Le texte poétique illustre cette fable inspirée par la chanson Puff, the magic dragon [8] qui narre l’amitié entre un garçon et un dragon. Cependant, de nombreuses répétitions et quelques coquilles, des soucis au niveau de la ponctuation ralentissent la lecture. L'adaptation en français ne s'avère parfois pas très fluide et dure à déchiffrer.
Le texte, par le choix des polices de caractère, s’intègre bien dans les
phylactères sauf dans le cadre des incantations où il devient difficile à
déchiffrer. Kotoji propose une édition petit format de qualité : papier épais, impression fine, malgré les détails ténus, des pages couleurs, jaquettes à rabats. Toutes les onomatopées sont traduites, les bonus, les explications de l’auteur sont conservés.
Little Cloud compose un charmant récit de fantasy tout en poésie et onirisme où les bateaux volent et les dragons prennent forme humaine. Destinée aux jeunes adolescents, cette courte saga se boucle en trois volumes, sans répits ni temps mort pour les héros. Malgré les souffrances, l'optimisme, la confiance et l’amitié règnent.
Une suite existe et il n’y a plus qu’à espérer que les éditons Kotoji la sortent.
[2] Pseudonyme de l’artiste chinoise.
[3] Depuis que les logiciels de retouches d'image sont devenus plus simples à manier et accessibles, beaucoup d’auteurs incrustent des photos retravaillées en guise de décors, ou utilisent des objets modélisés (maisons, table, voiture, fourchette...) que l’on peut trouver dans des banques de données, prêts à l’emploi. Il en ressort une froideur et une affreuse impression de normalisation graphique.
[4] Ou crayon de bois, mine de plomb lorsque la protection en bois est absente.
[5] Autrefois utilisées par les dessinateurs de BD et les architectes, les trames sont de grandes feuilles plastifiées, transparentes, sur lesquelles sont imprimés — en densité de points noirs — des niveaux de gris, ou des motifs, des textures voire même des décors désormais disponibles sous forme numérique.
[6] Par exemple, le manga Superior, d’Ichtys.

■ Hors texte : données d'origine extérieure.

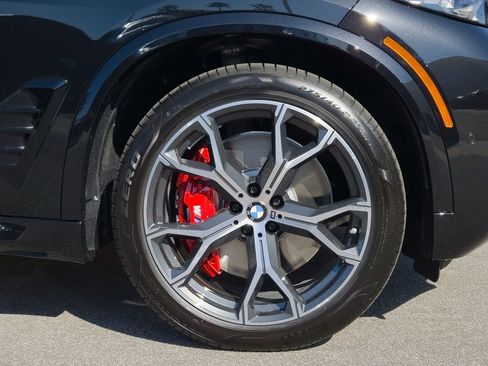 New 2026 BMW X5 xDrive50e w/ M Sport Package image 9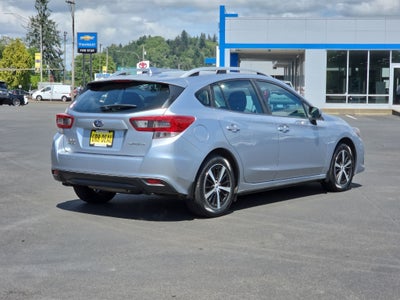 2020 Subaru Impreza Premium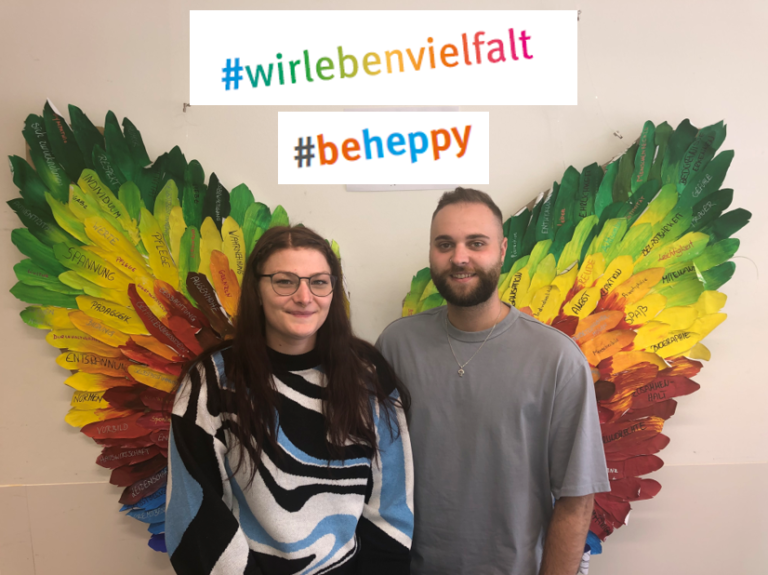 Unsere Ausbildungsbotschafter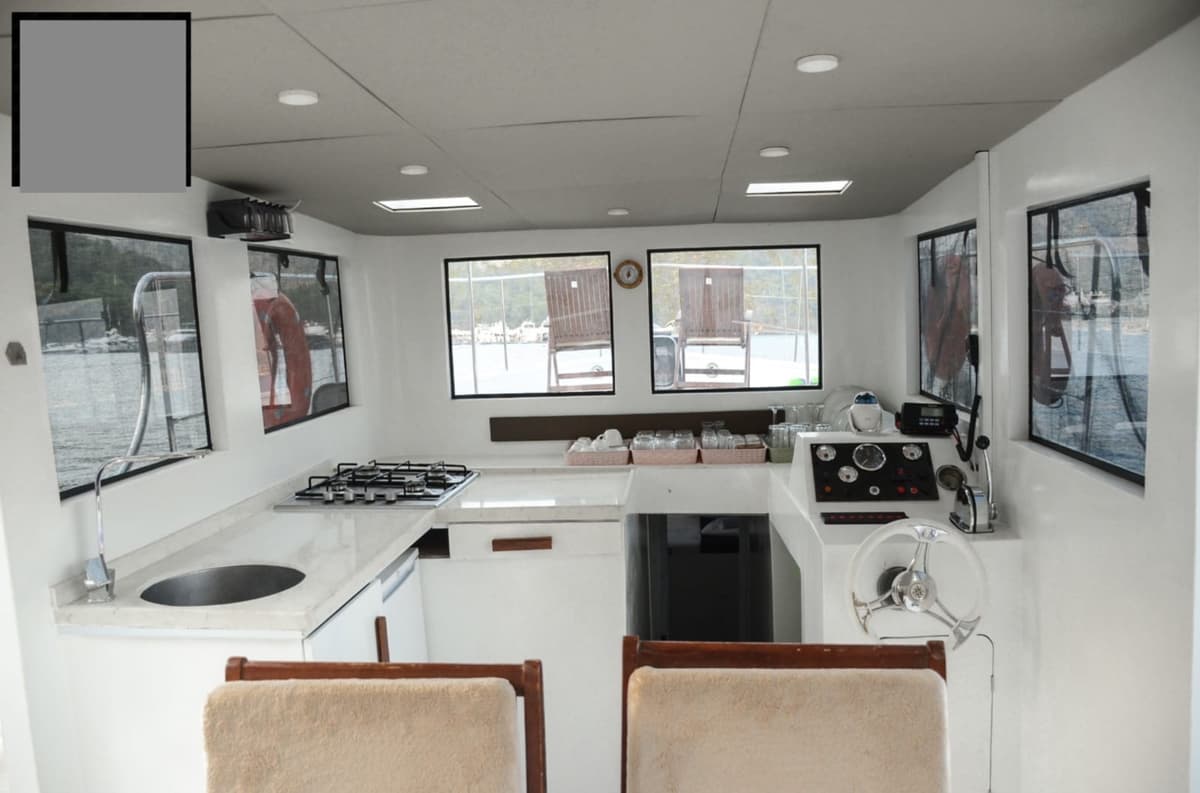 Göcek koyları günübirlik ve konaklamalı turlar  - 4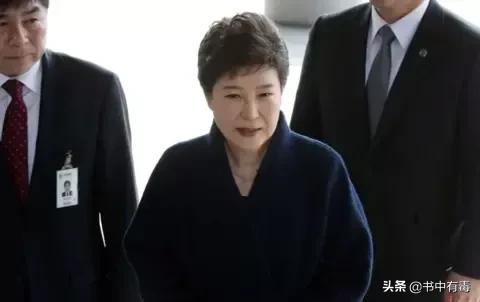 朴槿惠把选票究竟投给了谁？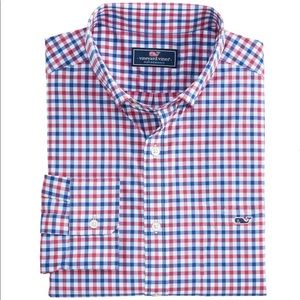 Vineyard Vines Classic Fit Murray Shirt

Si le picth de départ semble intéressant (le roi démon se lie avec le paladin venu le tuer), le récit s’enlise dans des poncifs où les atermoiements des divers personnages empêchent la progression de l’action et où le conformisme rend l’ensemble convenu et fade.
[7] On connaît le travail d’Akihiro Yamada grâce au manga La dame de Falis - Farisu no Seijo, publié en français chez Delcourt puis chez Kami. Son graphisme somptueux et ultra détaillé orne divers romans et mangas de fantasy pour lequel il est taillé.
[8] Puff, the magic dragon est une chanson écrite par Leonard Lipton et Peter Yarrow sortie en 1963.